In the film I’m Still Here (see yesterday’s blog), Joaquin Phoenix presents himself as a vile, cruel and vindictive drunk. It doesn’t come across as a joke, but a dark challenge to humanity, asking the chilling question: How bad can we be?
If There Is I Haven’t Found It Yet, a recently opened Off-Broadway play by Nick Payne, examines this question as well. The fatherly academic George underlines his dim view of a species that willfully destroys its own world by directly asking, “Are we worth it?” The audience is left empty and doubtful too after witnessing the characters, including Jake Gyllenhaal’s most profane Terry, drift around in their sad isolation, as the stage floods from our suicidal global warming — depressing stuff indeed.

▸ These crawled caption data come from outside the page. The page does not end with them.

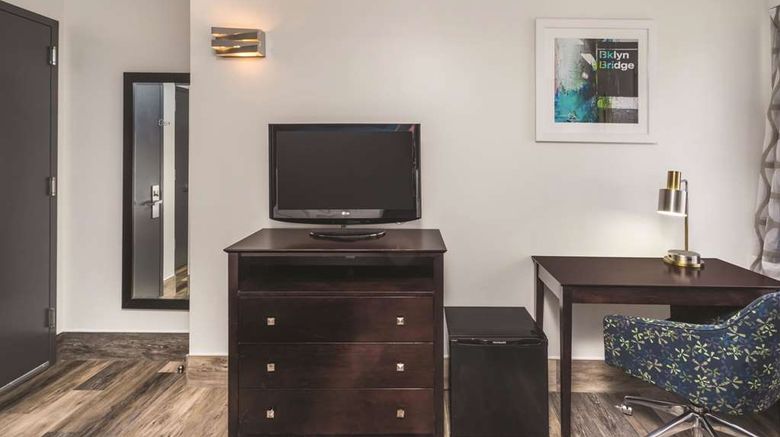 <b>La Quinta Inn & Suites Brooklyn Room</b>. Images powered by <a href="https://iceportal.shijigroup.com/" title="IcePortal" target="_blank">IcePortal</a>.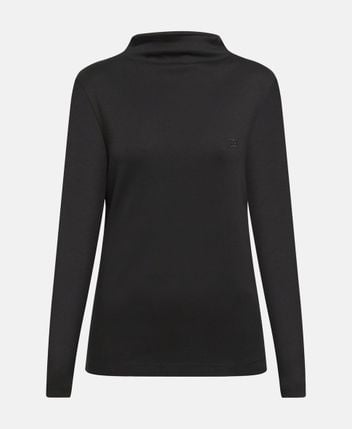 Long-sleeved top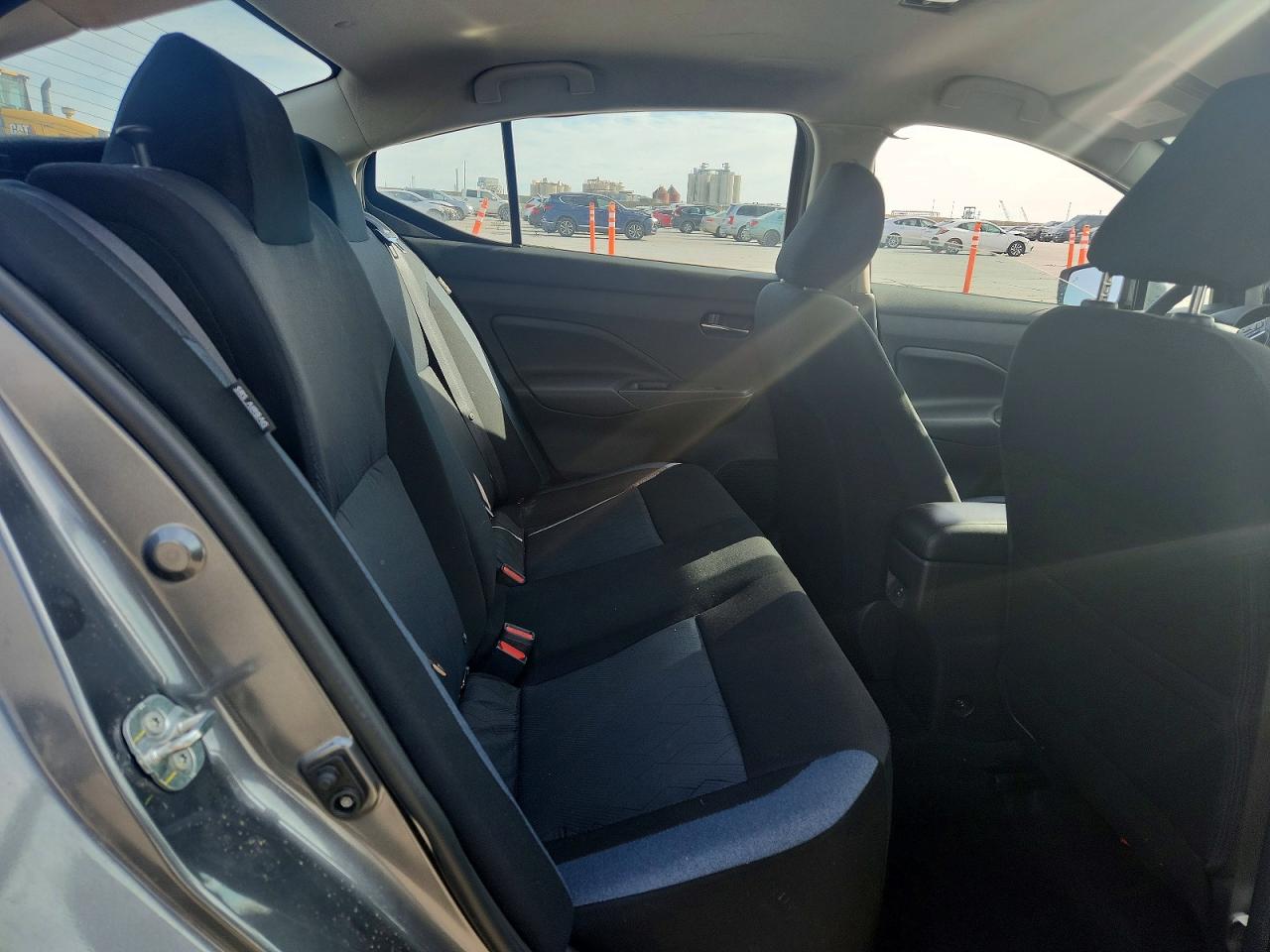 2025 NISSAN VERSA SV photo 10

This isn’t anything new. Our storytellers have gone at our damaged and demented psyche from the beginning – including Aeschylus’ The Oresteia and Shakespeare’s The Merchant of Venice – right through to this not-so-sunny day. The message is always the same: we’re just not that great.A similar malaise permeates my novel, My Bad Side. No matter how much we have – and that’s the goal, isn’t it? – we’re still stuck with the knowledge that we’re just not worth that much. As Crystal states: I drink too much. I have a problem with it. But so fucking what? Everyone’s got something. Everyone’s dragged down by something. There isn’t much of anything in this life but pain and tears. The Greeks said it. Shakespeare said it. Salinger said it. Fucking everyone. That’s just what we have in this life, Anne-Lynn, a few moments of happiness and the rest is suffering and death. That’s life.
Uh…yeah, well, maybe we should just forget all of that for now. Everything’s cool., right? And it’s Friday! Time to party.